WHAT IS BEING ASKED: Everything in the listing below has to be repeated exactly, except the pictures.

Top of DATA PROVIDED

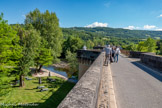 <center>Saint-Côme-d’Olt. </center>Le pont sur le Lot. Il a conservé ses piles en forme de becs du XVIe siècle. Le chemin entre Saint-Côme-d’Olt et Estaing est un des jalons exemplaires de ce que pouvait être, autrefois, l’itinéraire suivi par des pèlerins. Cinq autres portions de l’itinéraire du Puy-en-Velay, la via podiensis, dans le Lot, le Gers et les Pyrénées Atlantiques, illustrent la route suivie par les pèlerins durant le Moyen Âge. 71 ponts, édifices religieux ou hospitaliers, situés dans 13 régions, sont également inscrits depuis 1998 sur la Liste du patrimoine mondial au même titre.
Ils sont des jalons sur les routes empruntées par les jacquets.
Ils témoignent des aspects spirituels et matériels du pèlerinage durant le Moyen Âge.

Bottom of DATA PROVIDED

EXERCISE ANSWER:
 <center>Saint-Côme-d’Olt. </center>Le pont sur le Lot. Il a conservé ses piles en forme de becs du XVIe siècle. Le chemin entre Saint-Côme-d’Olt et Estaing est un des jalons exemplaires de ce que pouvait être, autrefois, l’itinéraire suivi par des pèlerins. Cinq autres portions de l’itinéraire du Puy-en-Velay, la via podiensis, dans le Lot, le Gers et les Pyrénées Atlantiques, illustrent la route suivie par les pèlerins durant le Moyen Âge. 71 ponts, édifices religieux ou hospitaliers, situés dans 13 régions, sont également inscrits depuis 1998 sur la Liste du patrimoine mondial au même titre.
Ils sont des jalons sur les routes empruntées par les jacquets.
Ils témoignent des aspects spirituels et matériels du pèlerinage durant le Moyen Âge.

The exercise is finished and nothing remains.